The killing of Altgeld resident Derrion Albert brought media attention to an easily forgotten part of Chicago. Altgeld Gardens is on the city’s southern edge, thirty-five blocks south from the last stop on the Chicago Transit Authority train line. The project has always been a city within the city, requiring its own municipal services. When the local high school was turned into a military academy, students like Albert had to trek miles north to Fenger High School in the poor Roseland neighborhood.  Chicago Sun-Times columnist Mary Mitchell noted after the Albert killing that “historically, youngsters have impoverished neighborhoods have looked down upon youngsters from the projects.” Albert was killed because he was caught between a fight between students from Roseland and students from Altgeld.

The BPI report reveals that tensions at school are only part of the struggle of growing up in Altgeld. Just 40 percent of Altgeld units have been rehabbed. Still, the biggest problem is not the buildings, but what is around them. “CHA had no satisfactory plans beyond physical rehabilitation to begin to change existing conditions,” the BPI report comments. Mayor Daley has not flexed his political muscle to get the housing authority to coordinate with city services to bring better security against gang violence and open-air drug dealing. The city has also neither provided job opportunities for heads of households nor educational and extracurricular opportunities for children. After a dry, technocratic dissection of how the city has failed residents at Altgeld, BPI concludes thusly: “Driving through Altgeld Gardens is a depressing experience.”

Here the Plan’s Future

So Chicago Public Housing remains in choppy waters – but it’s not a hopeless situation. On the federal level, Barack Obama, a former community organizer in the Altgeld neighborhood, has appointed a White House urban czar, Adolfo Carrion. Perhaps more important, the administration has a HUD Secretary, Shaun Donovan, who is a veteran of the New York City housing authority – arguably the best-run city housing authority in the country.  Donovan’s formerplace of employment is known for integrating public housing with the rest of the New York.  So Obama, Donovan, Holder and Duncan each have backgrounds in urban policy and a stated interest in funding public housing programs like the Plan for Transformation.
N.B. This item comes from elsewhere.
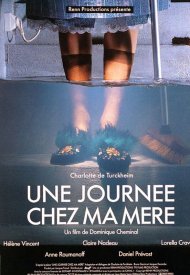 Affiche de Une journée chez ma mère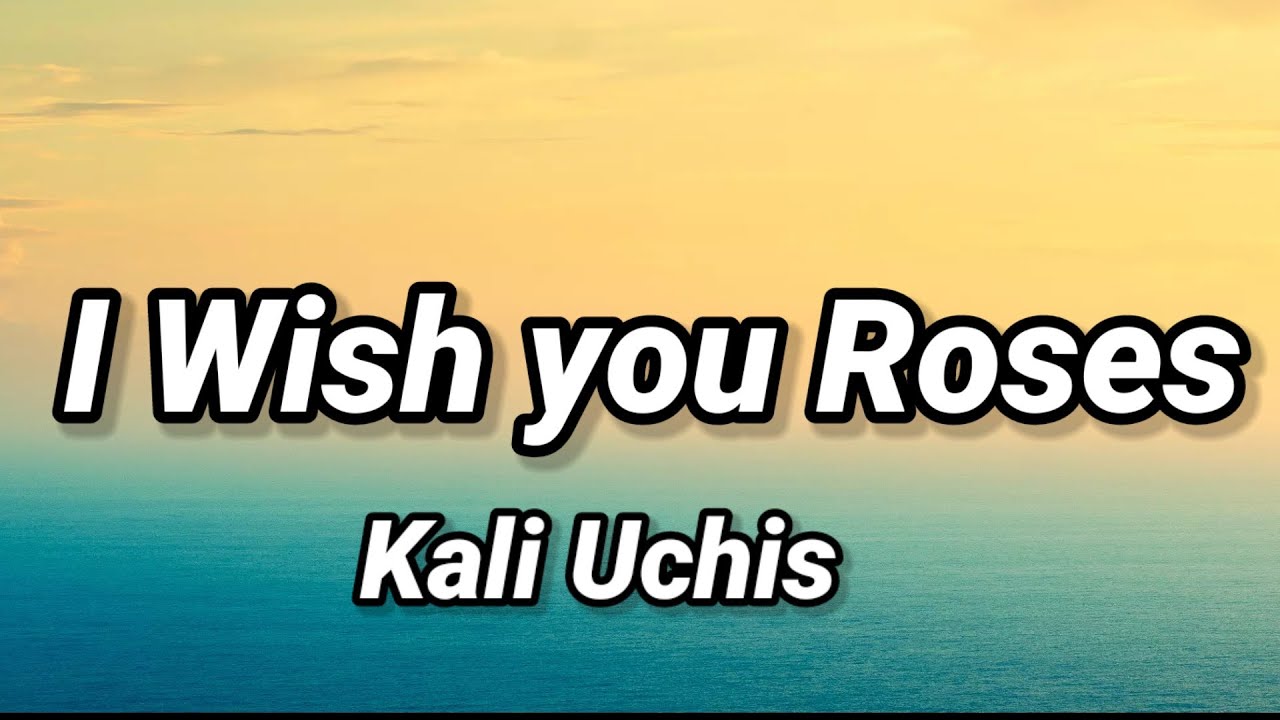 Kali Uchis I Wish you Roses (Lyrics) YouTube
However, the Obama administration is much more focused on the home ownership side of the real estate crisis.  Significant new funding for public housing is not expected.  So the bigger variable is the Chicago city government, particularly Richard Daley. The veteran mayor has been criticized for focusing on glitzy, legacy projects – like the recently failed bid to get the 2016 Summer Olympics bid – at the peril of Chicago’s most vulnerable residents. Both the Mayor and the City Council have not spent the time necessary to make CHA a fully functional city agency. But not enough progress should not be confused with no progress at all. “The public housing of today,” says Snyderman of Metropolitan Planning Council,  “is undoubtedly a whole different entity than the public housing before the plan.”

Even Polikoff, the long-time critic of CHA, offers qualified praise for the mayor. “The city is indeed playing a significant role.” he commented. “It has given millions of dollars for sidewalks and streets – it is unprecedented. The city council has also passed ordinances to support this funding. ” What Polikoff wants improved is better coordination between all the local bureaucracies – CTA to build train stations and bus stops by public housing, CPS to build schools nearby, the park service to build playgrounds nearby, and the police department to interdict gang and drug violence.  Daley has – publicly, at least — spoken with urgency about fixing the systemic problems that lead to youth violence in Chicago. Maybe with the Olympic bid dashed, the city has decided to more fully confront its glaringly evident inequalities, and this may extend to inequality in housing. “The Mayor wants this to succeed,” says Roosevelt University housing scholar Hunt. “Because he wants to wipe away the mistakes of the past.”